The Irish National Heritage Park is located on the outskirts of Wexford Town, and displays 9000 years of Irish History over 40 acres of natural woodland.
Throughout the park there are 16 reconstructed historic sites, each with information displays. They are spread out over an easy to reach distance but far enough for easy social distancing.
During your visit, you can expect to learn more from the following displays:
- The First People of Ireland 7000BC: The temporary nature of their settlements, and their sustenance off the land hunting and gathering
- The First Farmers of Ireland 4000BC: Creating more permanent settlements, they focused on keeping their own livestock and crops
- Stone Age Monuments 3500BC: Also known as Megalithic Tombs, they were not just used for burials but also many other functions, such as tracking the movement of the sun
- Stone Circles 1500BC: Often associated with burials, the stone circles were possibly used to track the sun, moon and stars movement across the sky and could have been connected to sky worship
- Ogham Stone 300AD: By this time in Ireland, the Celts were living in Ireland, and had formed a language for commemorating the dead, or for magical inscriptions, which was inscribed onto stone monuments
- Ringforts 700AD: Ringforts were constructed in a circular shape were walls protected those of the highest rank: Kings, lords, wealthy farmers, poets, judges and those of a similar social rank; outside the ringfort the ordinary citizens and slaves would live
- Christian Monasteries 900AD: Monasteries functioned as centres for learning, art and political power, where a church, gravestones, shrines, eating quarters and living quarters would be found
- Kilns 600AD: Various types of grain were grown (wheat, oats, barley, rye) and were contained in a kiln which was a circular drying chamber with a hot, slow burning fire to dry the grain and allow for the baking of bread, even the brewing of beer
- Horizontal Water Mill 600AD: Mills were some of the first automatic machines, to automate the manual grinding of grains; wealthy citizens or noblemen would own their own mills, but at the time it would primarily shared between less well-off famers
- Fire Pits 1800BC – 800BC: The water was boiled by dropping water on fire-heated stones, where it was used for cooking and most likely saunas, washing, drying clothes or possibly making beer
- Artificial Island 800AD: Artificial islands were created for a number of different reasons, but primary for safety or simply being separated physically from the mainland (safety from enemies or wild animals, creation of a noble residence, a quiet place for metal working, somewhere to hold prisoners)

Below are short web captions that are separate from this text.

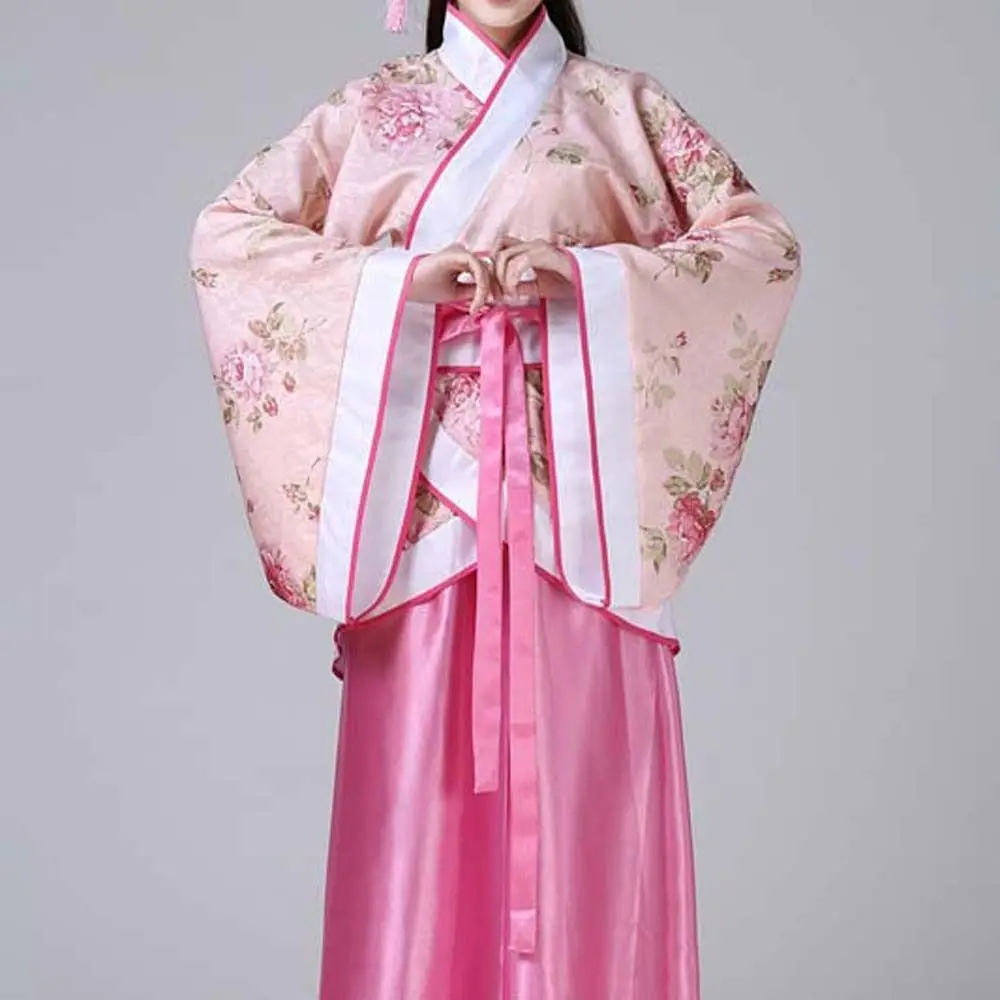 Stage Costumes Chinese Hanfu Skirt Flower Embroidery Performance Cosplay Dress Chinese Ancient Dress Han Tang Dynasty
Stage Costumes Chinese Hanfu Skirt Flower Embroidery Performance Cosplay Dress Chinese Ancient Dress Han Tang Dynasty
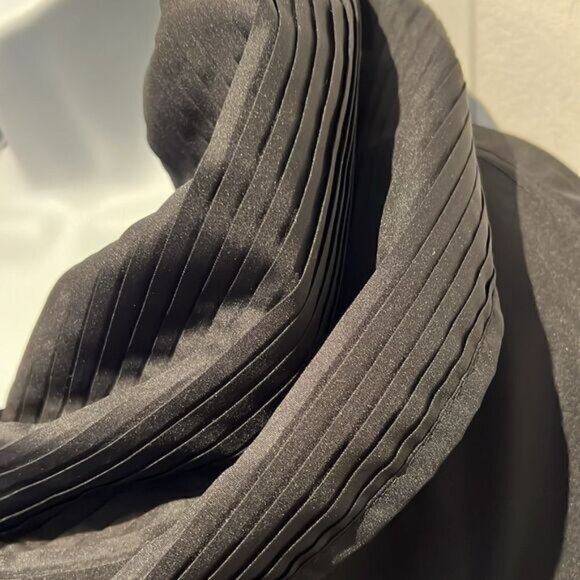 Novelti Black A Line Water Repellent Lined Jacket Size 14P - Picture 7 of 12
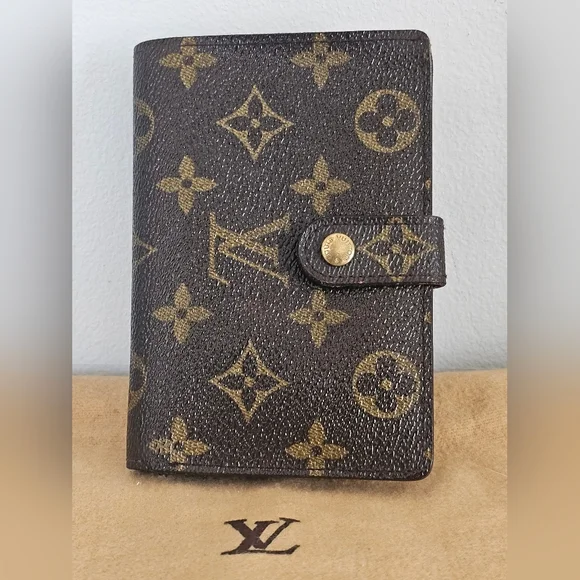 Louis Vuitton Monogram Portefeuille Viennois Wallet - Picture 1 of 12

- Viking Settlements 1000AD: The Vikings who arrived in Ireland stayed and created settlements which became the first towns in Ireland, arriving from Scandinavia
- Norman Castle 1200AD: The Normans who arrived built strong castles constructed of stone and wood, painting them white to make them look more imposing. The Norman Castle site at the park includes a falconry.
- Original Normal Ditch 1169/70AD: The first Norman Fortification can be seen on this side, where the castle was erected after the capture of Wexford town.
- Round Tower 1857AD: Monasteries would often build Round Towers to function as bell towers, places to keep their treasures, and places of refuge during attack
Planning your trip
When booking your ticket during the Pandemic, be sure to book online to reserve your timeslot https://irishheritage.clr.events/event/129812:admission-tickets
The tour took me about 2.5 hours to go at my own pace. There are lots of benches to rest on in the park, with a restaurant available with refreshments and light meals. There is also a visitors centre available at the park for you to buy a memento.